Description of the task: Would you write out the lines below exactly, from the one containing "Women Plus Size" to the very last, but without the pictures?

Provided records:
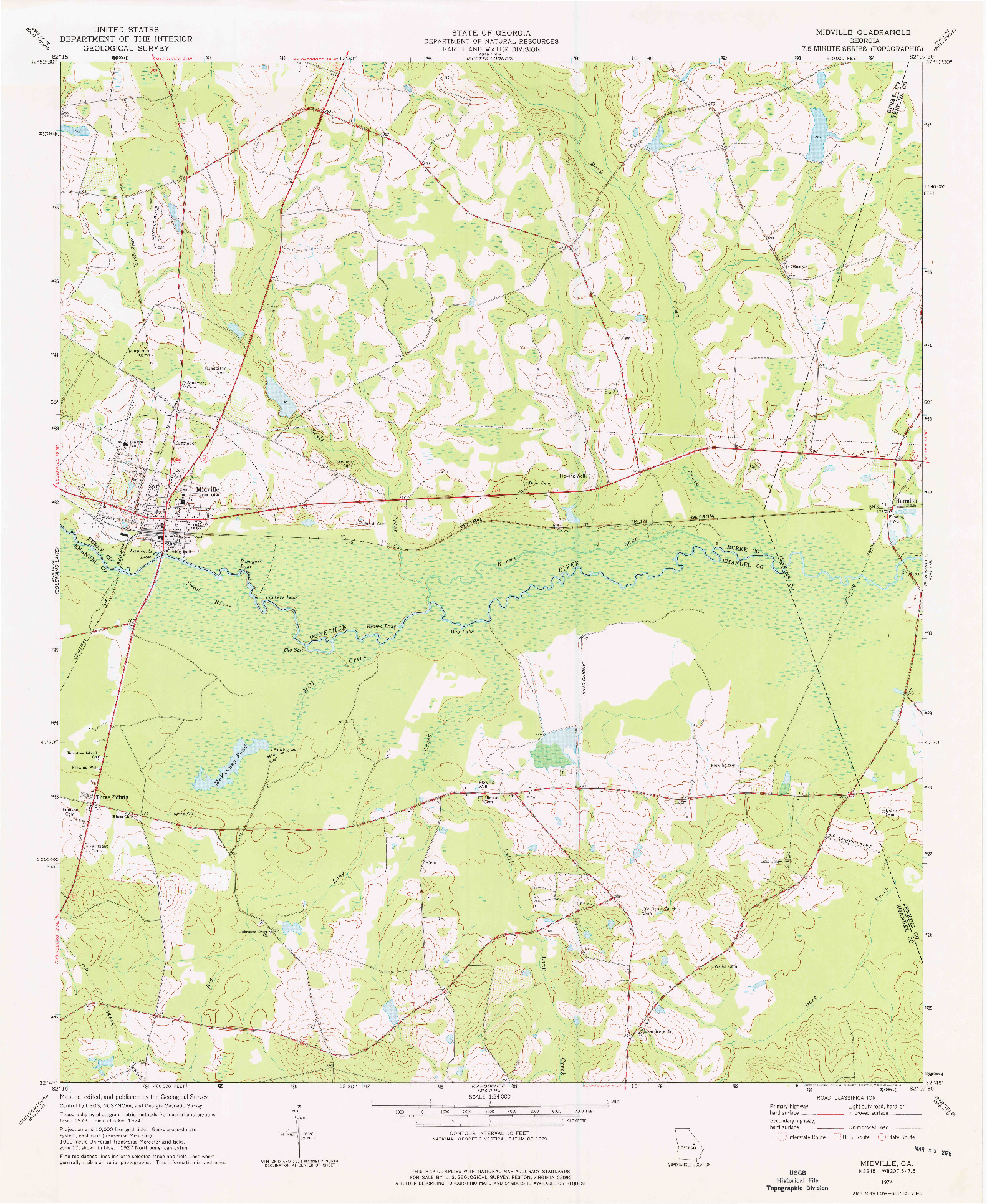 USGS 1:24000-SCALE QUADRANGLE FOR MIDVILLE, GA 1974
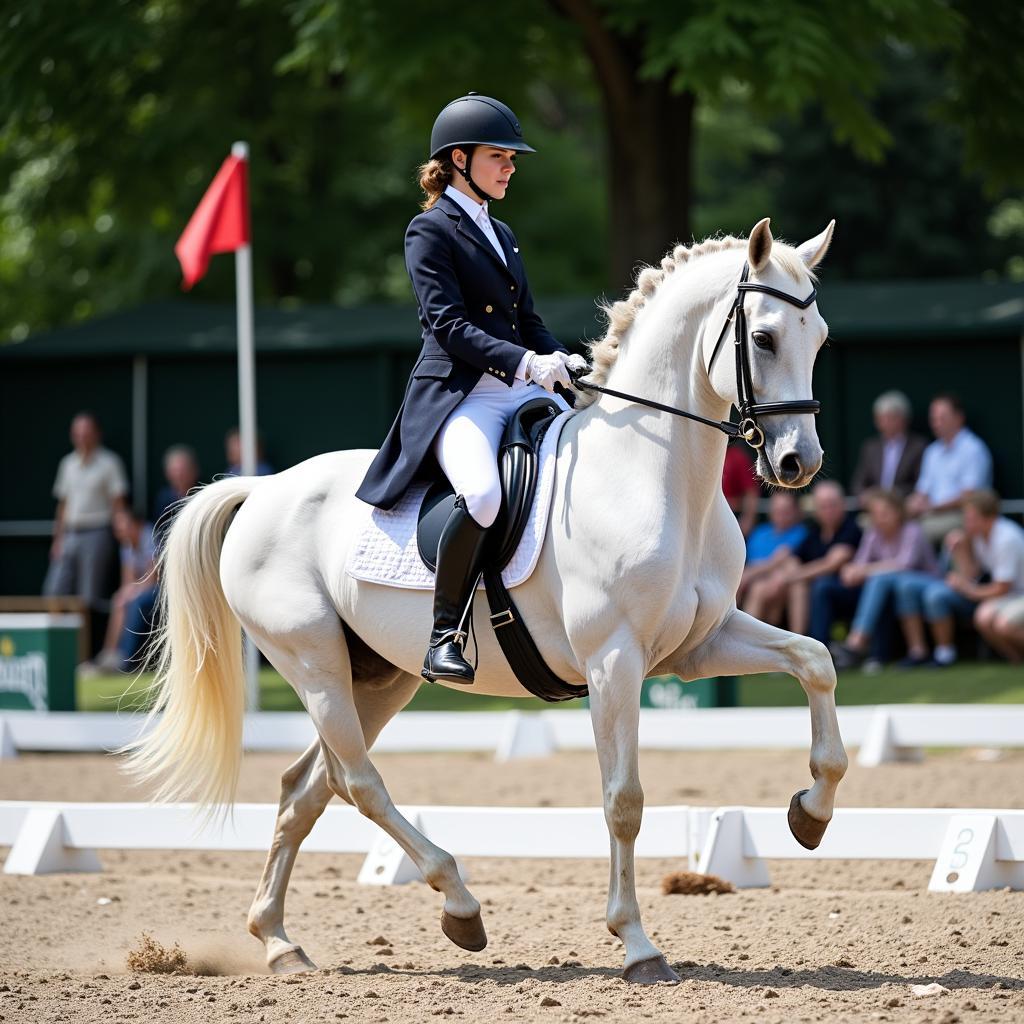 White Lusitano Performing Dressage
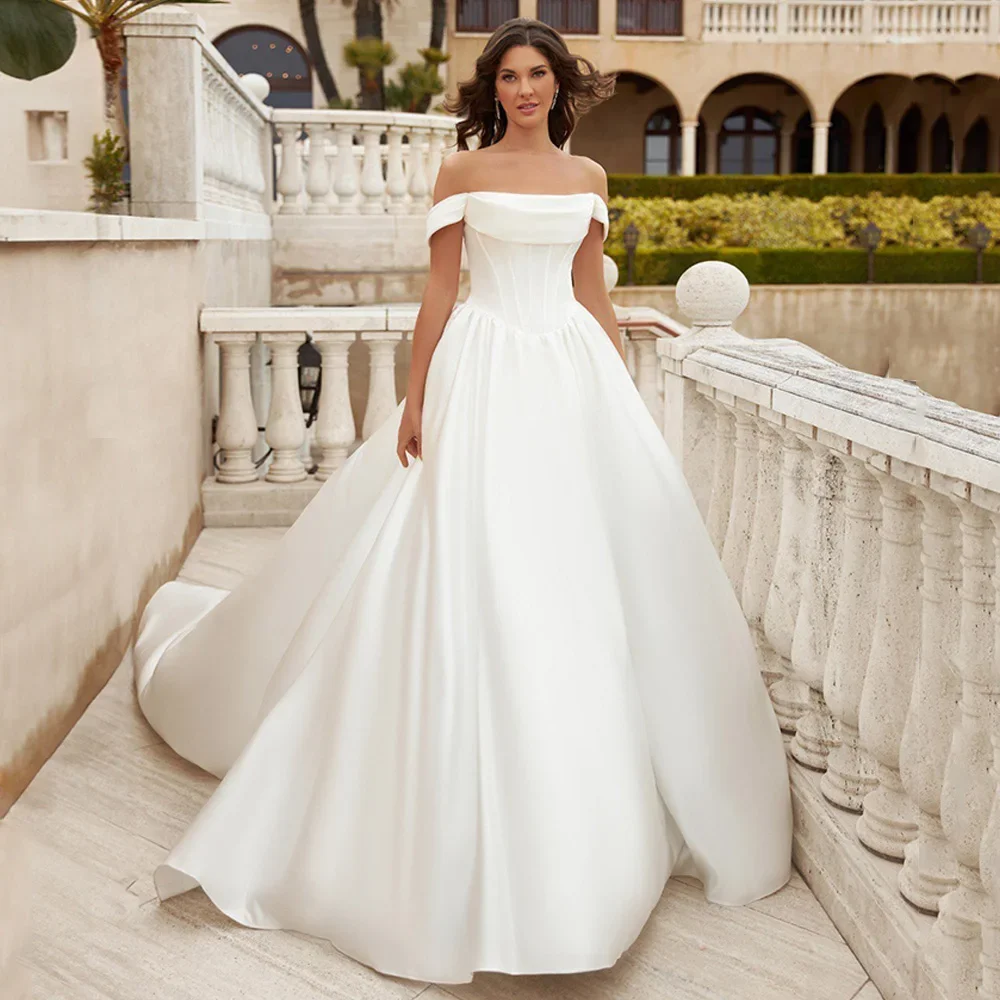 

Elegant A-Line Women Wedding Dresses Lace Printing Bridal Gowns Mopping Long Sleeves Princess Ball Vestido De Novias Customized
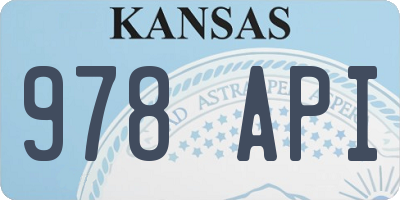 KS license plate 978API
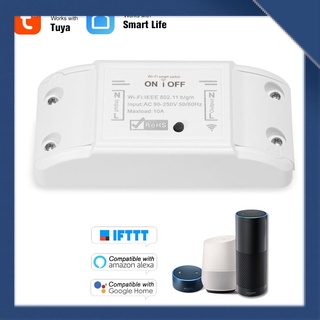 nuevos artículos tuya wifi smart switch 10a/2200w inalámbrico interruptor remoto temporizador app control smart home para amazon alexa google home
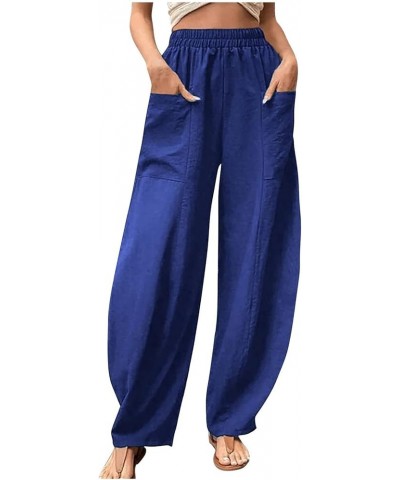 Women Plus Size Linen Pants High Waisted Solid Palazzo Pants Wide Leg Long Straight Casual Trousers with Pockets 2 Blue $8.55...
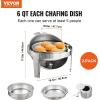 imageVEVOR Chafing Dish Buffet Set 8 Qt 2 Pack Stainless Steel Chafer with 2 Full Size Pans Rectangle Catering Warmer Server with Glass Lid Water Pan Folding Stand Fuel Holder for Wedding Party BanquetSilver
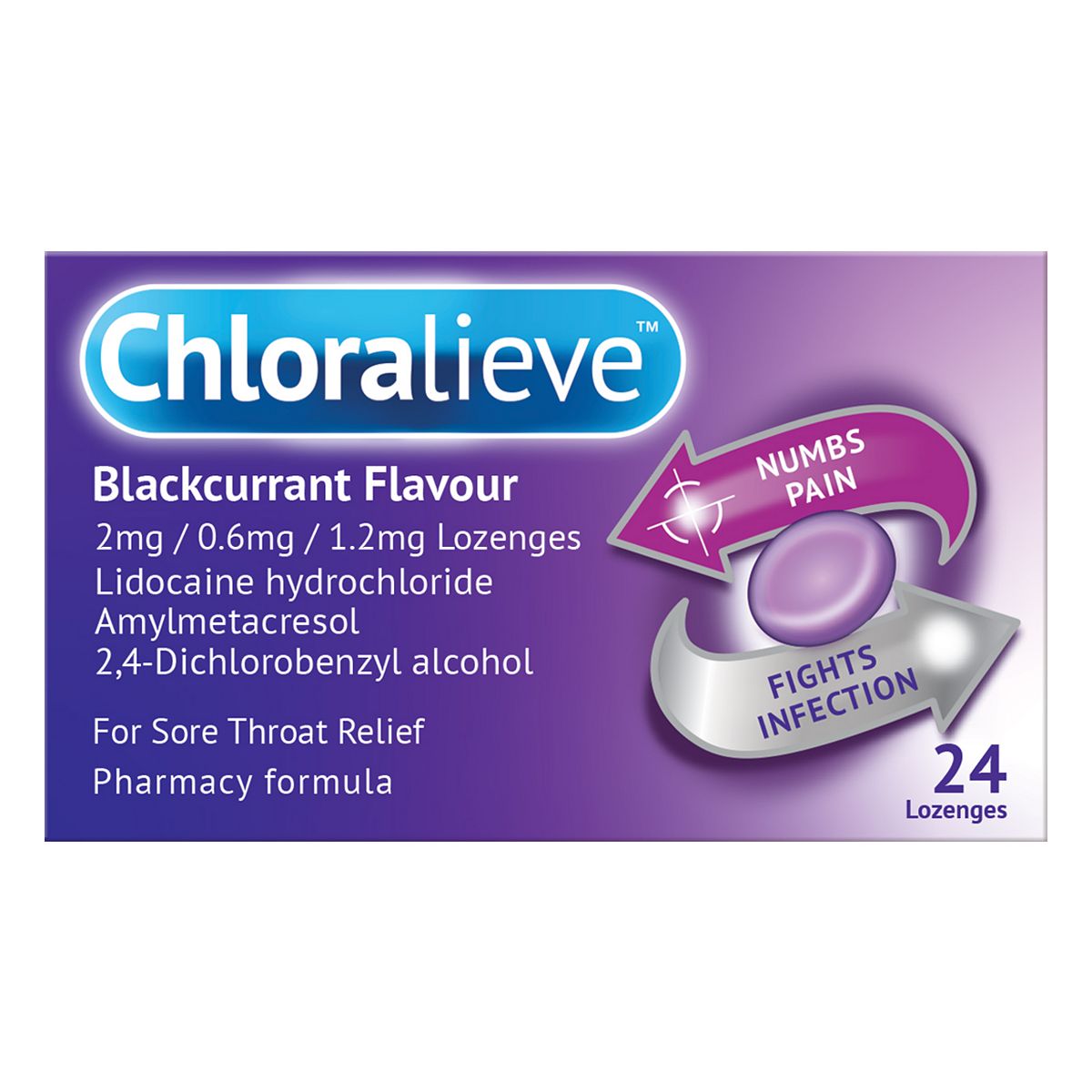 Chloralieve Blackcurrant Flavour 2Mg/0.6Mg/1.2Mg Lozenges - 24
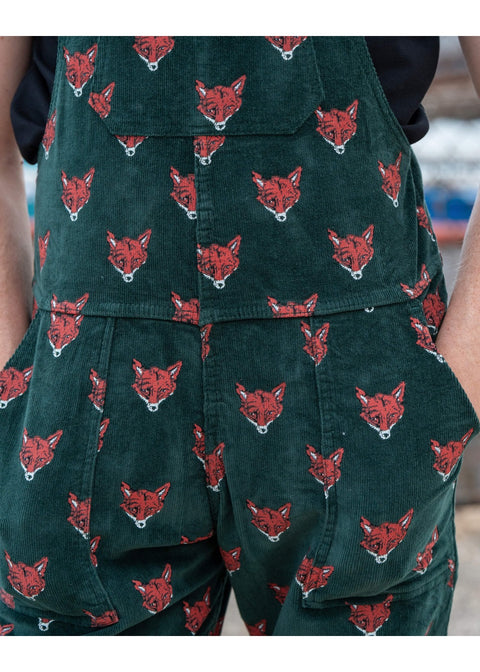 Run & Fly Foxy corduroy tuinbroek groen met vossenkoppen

Result below:
 Women Plus Size Linen Pants High Waisted Solid Palazzo Pants Wide Leg Long Straight Casual Trousers with Pockets 2 Blue $8.55...
 imageVEVOR Chafing Dish Buffet Set 8 Qt 2 Pack Stainless Steel Chafer with 2 Full Size Pans Rectangle Catering Warmer Server with Glass Lid Water Pan Folding Stand Fuel Holder for Wedding Party BanquetSilver
 Chloralieve Blackcurrant Flavour 2Mg/0.6Mg/1.2Mg Lozenges - 24
 Run & Fly Foxy corduroy tuinbroek groen met vossenkoppen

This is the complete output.